Lagi pula, tingkat pendidikan dapat memengaruhi kondisi ekonomi seseorang. Sebagai contoh, seorang remaja lulusan sekolah menengah atas (SMA) bila dibandingkan dengan seorang remaja lulusan sekolah menengah pertama (SMP). Bila keduanya diterima pada suatu perusahaan yang menentukan gaji dan posisi berdasarkan ijazah yang dimiliki, maka gaji dan posisi remaja lulusan SMA akan lebih tinggi dari gaji remaja lulusan SMP. Kondisi ekonomi remaja lulusan SMA tentu juga lebih baik dari remaja lulusan SMP.
Dari sisi psikis, remaja belum mampu mempertimbangkan baik dan buruk akibat dari tindakan mereka, juga belum memiliki kestabilan emosi. Bisa jadi hal yang mereka sukai saat ini, beberapa waktu kemudian mereka tinggalkan seakan tidak pernah terjadi hanya karena alasan bosan. Masalah yang kecil dan sepele bisa jadi besar dan rumit menurut mereka karena tidak sabar menemukan jalan keluar, bahkan salah dalam mengambil keputusan. Bagaimana bila remaja yang masih memiliki kekhasan tersebut memutuskan untuk terikat perkawinan?

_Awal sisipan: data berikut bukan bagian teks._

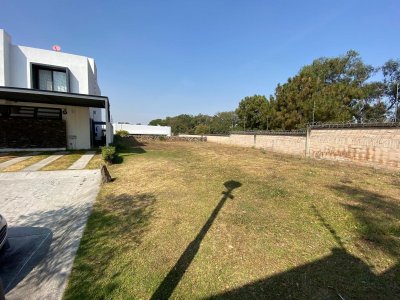 Campo Lago Terreno en Calle Privada, Colinda a Donación en 2 Caras, único!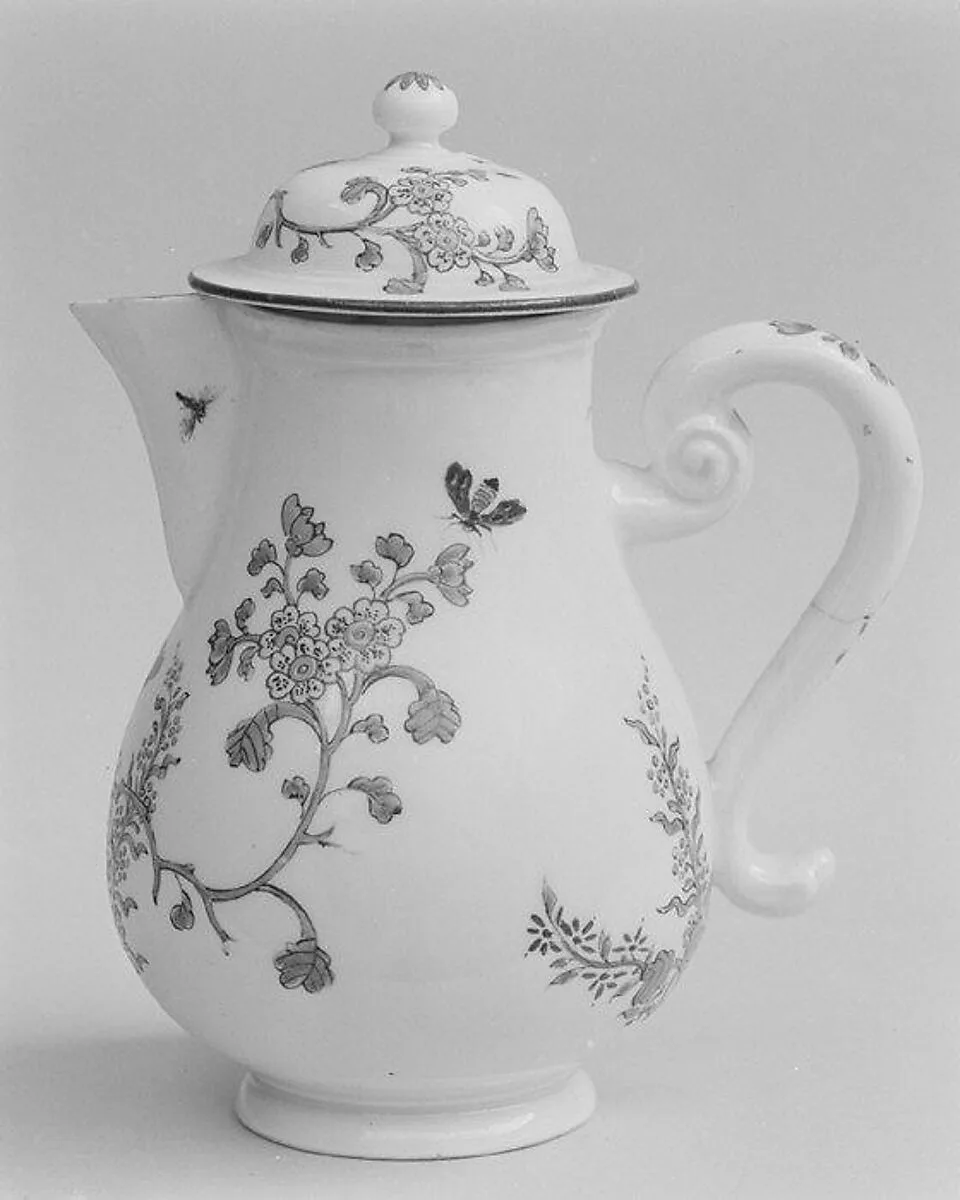 Jug with cover — Meissen Manufactory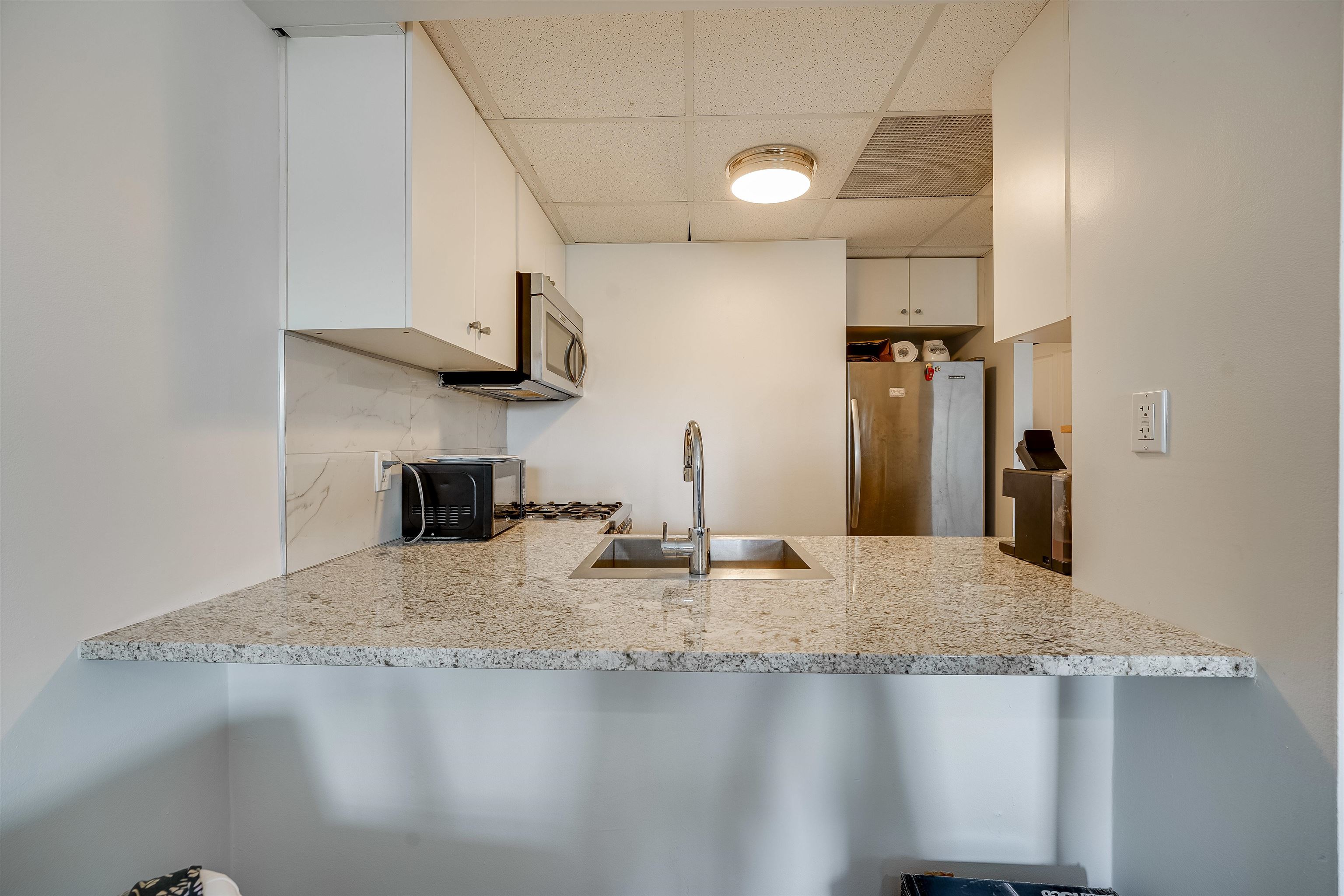 227 CHRISTOPHER COLUMBUS DR Unit 308B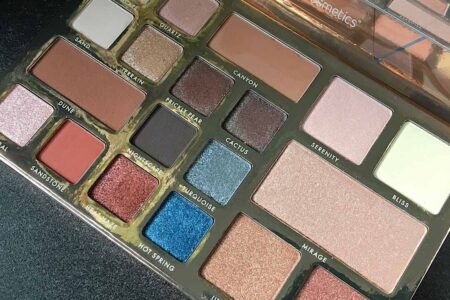 bh cosmetics desert oasis palette open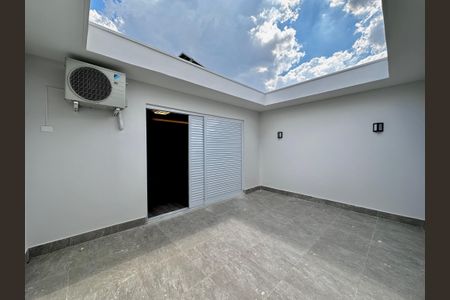 Casa à venda com 430m², 4 quartos e 6 vagas Casa à venda com 430m², 4 quartos e 6 vagasSacada Suíte 4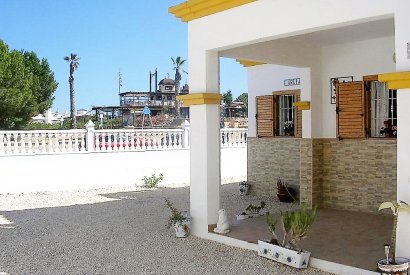 Sale - Villa - Torrevieja - La Mata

Keputusan pemerintah untuk mendewasakan usia perkawinan bukan untuk melarang kawin pasangan yang telah saling mencintai. Sebab, perkawinan seharusnya menjadi ikatan yang menciptakan hubungan penuh kasih sayang, dan mencetak generasi-generasi masa depan yang cemerlang.
Jangan sampai karena pelakunya masih berusia sangat muda kemudian perkawinan menjadi ikatan penuh konflik yang melahirkan generasi-generasi terlantar akibat orang tuanya sibuk dengan diri masing-masing. Jangan sampai perkawinan yang didasari rasa cinta, dicita-citakan hanya dapat dipisahkan oleh maut, malah kandas oleh ketok palu hakim di pengadilan agama.